Pouvez-vous nous en dire davantage sur votre départ et les raisons de votre départ ?
Toutes ces années, j’ai eu beaucoup de chance et ai pu, avec mes collègues, mettre une énergie forte pour promouvoir l’évolution continue de notre belle organisation pour répondre à sa mission. Il est bon maintenant de laisser la place à quelqu’un qui pourra continuer sur les bons éléments mis en place et en apporter des nouveaux, avec des compétences différentes et continuer à construire avec les équipes. A titre personnel, à 50 ans, j’avais aussi envie d’un nouveau défi et un engagement renouvelé et je m’apprête à reprendre la direction de l’Association pour le Bien des Aveugles et malvoyants. Une nouvelle page passionnante s’ouvre.
Quelles sont vos prévisions pour l'avenir Terre des Hommes Suisse et du secteur de l’aide au développement/droits de l’enfant ?
Si Terre des Hommes Suisse est dans une situation financière saine, grâce au soutien fidèle de nos donateurs, les années qui viennent à bien préparer, avec une baisse à venir des financements dans la coopération au développement, avec l’inflation, la priorité donnée à la sécurité militaire et un climat international plus tendu. Je reste persuadé que la défense des droits de l’enfant est un élément clés de la sécurité humaine et qu’il ne faut en aucun cas baisser la garde. Le prochain défi touche bien évidemment au défi climatique. Les enfants, s’ils en sont les moins responsables, sont et seront les plus impactés. Leur action dans ce domaine est impressionnant et est à soutenir, comme une nécessité vitale.
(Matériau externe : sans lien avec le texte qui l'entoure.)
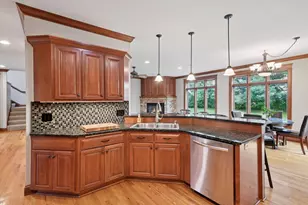 2906 Butternut Dr, Chaska, MN 55318 - Photo 20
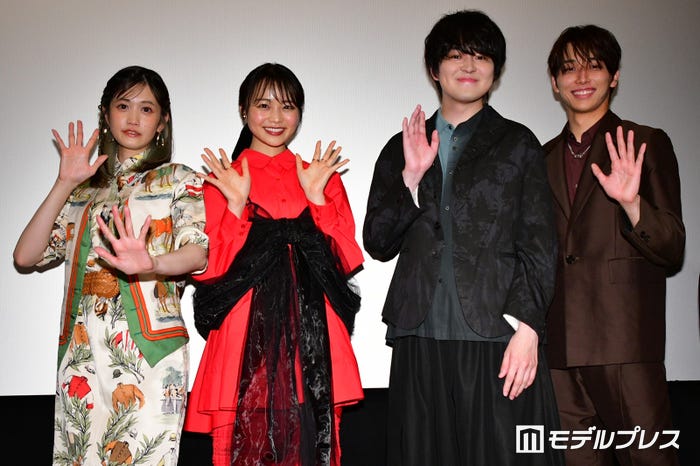 (左から)小泉萌香、林芽亜里、望月歩、高尾颯斗(C)モデルプレス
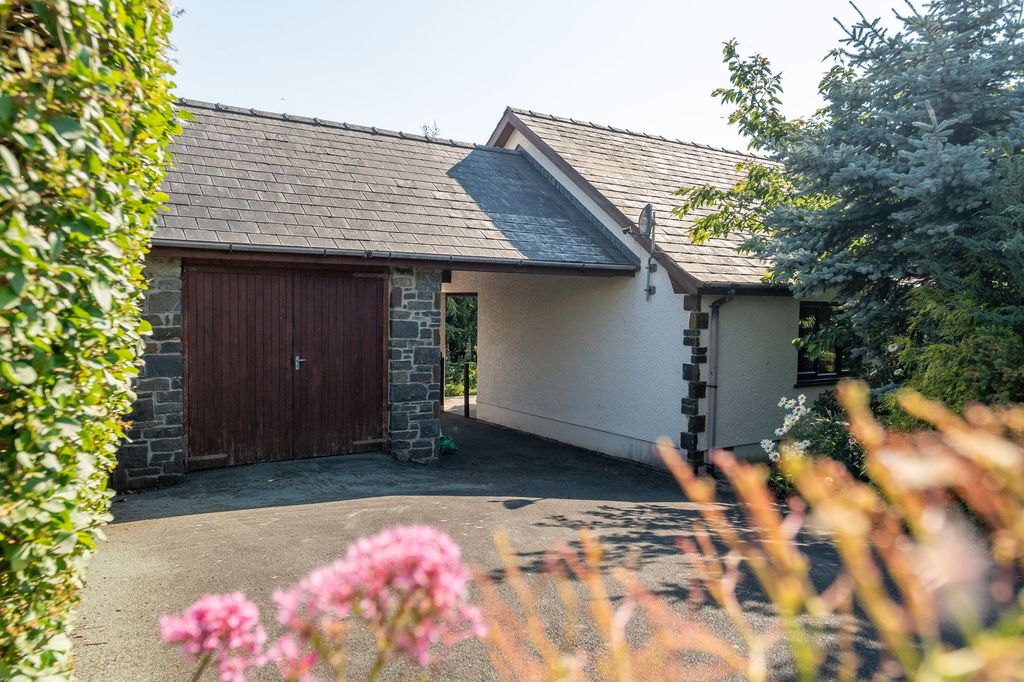 Property photo 3 of 48 3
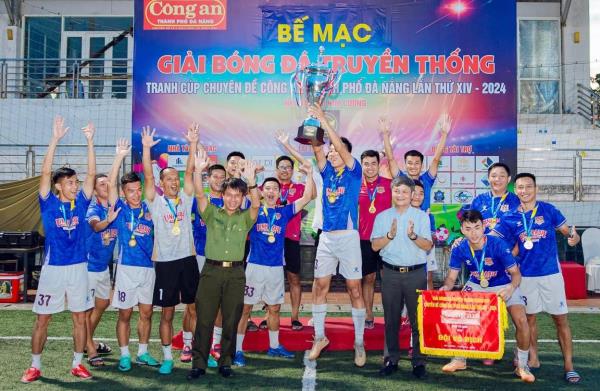 Tân vương là tân binh CK Store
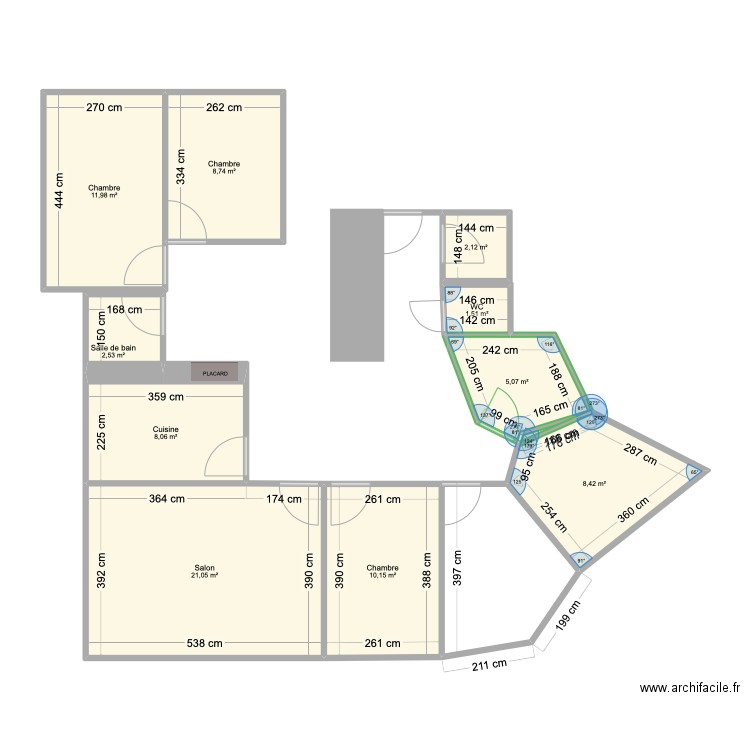 Appartement côte. Plan de 10 pièces et 80 m2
Comment pensez-vous que Terre des Hommes Suisse devrait se positionner pour rester une organisation de référence en matière de droits de l’enfant à l'avenir ?
Terre des Hommes Suisse devrait continuer ses efforts pour donner encore plus de place aux enfants et aux jeunes, avec le soutien de projets des enfants et des jeunes pour des enfants et des jeunes. Ils sont les plus déterminants pour un changement sur la durée.
Avez-vous un message particulier que vous souhaiteriez transmettre à vos équipes ? Interlocuteurs ? Donateurs ?
Du fond du cœur merci. Merci pour votre engagement, toujours et toujours renouvelé pour, comme le dit notre slogan, qui s’applique à toutes et tous, quel que soit l’âge, « trop petit pour changer le monde ? Assez grands pour faire la différence ». L’essentiel est de ne jamais trouver d’excuse pour ne plus s’engager.